Here are the patient education articles that are relevant to this topic. We encourage you to print or email these topics to your patients. (You can also locate patient education articles on a variety of subjects by searching on "patient info" and the keyword(s) of interest.)
●Beyond the Basics topic (see "Patient education: Antibiotic-associated diarrhea caused by Clostridioides difficile (Beyond the Basics)")
●Clostridioides difficile colonizes the human intestinal tract after the normal gut flora has been altered by antibiotic therapy and causes antibiotic-associated colitis. The antibiotics most frequently implicated in predisposition to C. difficile infection (CDI) are fluoroquinolones, clindamycin, cephalosporins, and penicillins (table 1). Additional risk factors include age >65 and recent hospitalization. (See 'Diarrhea with colitis' above.)
●A spectrum of clinical manifestations is observed. (See 'Clinical manifestations' above.)
•Clinical manifestations of nonsevere CDI include watery diarrhea (≥3 loose stools in 24 hours) with lower abdominal pain and cramping, low-grade fever, and leukocytosis. Criteria proposed for nonsevere CDI (based on expert opinion) include white blood cell count ≤15,000 cells/mL and serum creatinine <1.5 mg/dL; prospectively validated severity scores for CDI are needed. (See 'Diarrhea with colitis' above.)
•Clinical manifestations of severe CDI include diarrhea, severe lower quadrant or diffuse abdominal pain, abdominal distention, fever, hypovolemia, lactic acidosis, hypoalbuminemia, and marked leukocytosis. Criteria proposed for severe CDI (based on expert opinion) include white blood cell count >15,000 cells/mL and/or serum creatinine ≥1.5 mg/dL. (See 'Severe and fulminant colitis' above.)
•Fulminant colitis (previously referred to as severe, complicated CDI) may be characterized by hypotension or shock, ileus, or megacolon. (See 'Severe and fulminant colitis' above.)
●Recurrent CDI is defined by resolution of CDI symptoms while on appropriate therapy, followed by reappearance of symptoms within two to eight weeks after treatment has been stopped. The clinical presentation may be similar to or more severe than the initial presentation. (See 'Recurrent disease' above.)
●The diagnosis of CDI is established via a positive nucleic acid amplification test (NAAT) for C. difficile toxin gene or a positive stool test for C. difficile toxin(s). We favor use of NAAT for laboratory diagnosis of C. difficile, either alone or as part of an algorithm including initial enzyme immunoassay screening for glutamate dehydrogenase antigen and toxins A and B (algorithm 1). The diagnostic approach for suspected recurrent C. difficile is the same as the approach for initial infection. (See 'Overview of diagnostic approach' above.)
●Laboratory testing should be pursued only in patients with clinically significant diarrhea, since testing cannot distinguish between CDI and asymptomatic carriage (which does not warrant treatment). For patients with ileus, laboratory diagnosis via perirectal swab for toxin assay or anaerobic culture may be performed. (See 'Overview of diagnostic approach' above.)

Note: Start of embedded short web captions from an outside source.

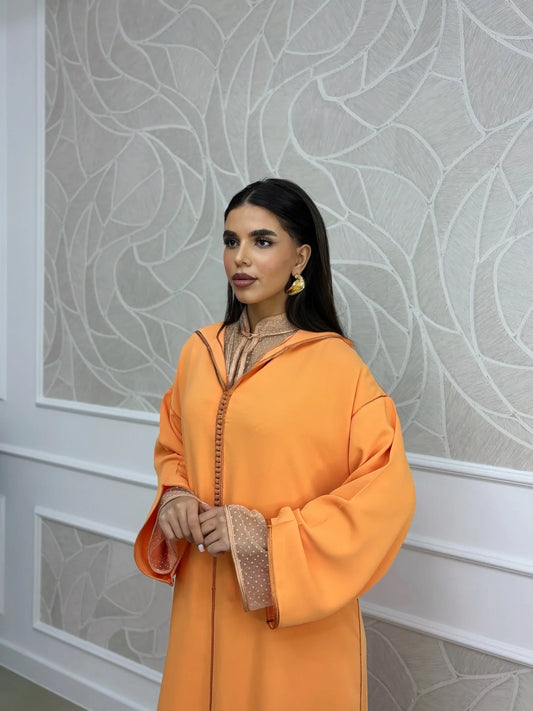 Djellaba Konoz – Tunica marocchina casual per il quotidiano
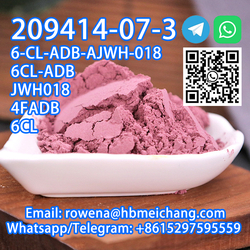 New 6CL/6CL-ADB/6-CL-ADB-AJWH-018/JWH018/209414-07-3 WhatsApp: +86 15297595559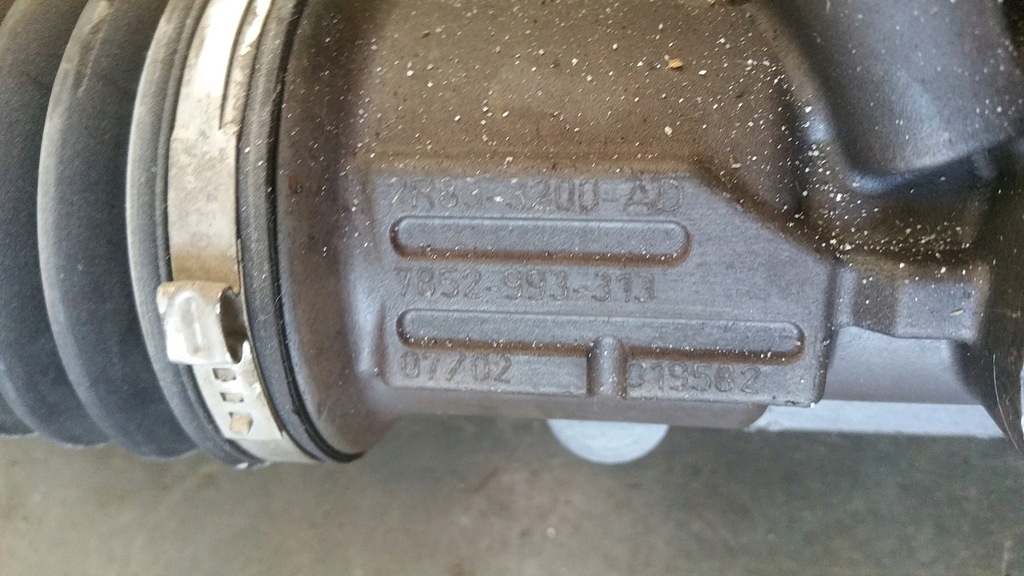 фото №8, Рейка рульова 2r833200ad jaguar stype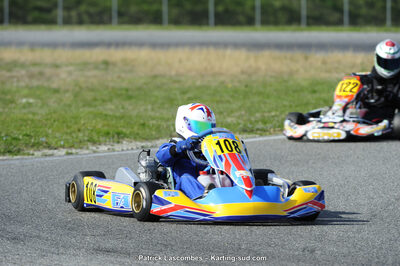 08/03/2015 : 1ère manche du Championnat du Sud à Muret (Photos Patrick Lascombes) 2015 — karting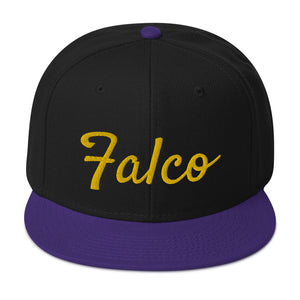 PurpleSnapback Hat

●Radiographic imaging of the abdomen and pelvis is warranted for patients with clinical manifestations of severe illness or fulminant colitis to evaluate for presence of toxic megacolon, bowel perforation, or other findings warranting surgical intervention. (See 'Overview of diagnostic approach' above and 'Radiographic imaging' above.)
●Lower gastrointestinal endoscopy is not warranted in patients with typical clinical manifestations of CDI, a positive laboratory test, and/or clinical response to empiric treatment. In general, endoscopy may be pursued for circumstances in which an alternative diagnosis is suspected that requires direct visualization and/or biopsy of the bowel mucosa. It may also be helpful for patients with ileus or fulminant colitis in the absence of diarrhea since it may allow visualization of pseudomembranes (severe inflammation of the inner lining of the bowel), a finding that is highly suggestive of CDI. (See 'Endoscopy' above.)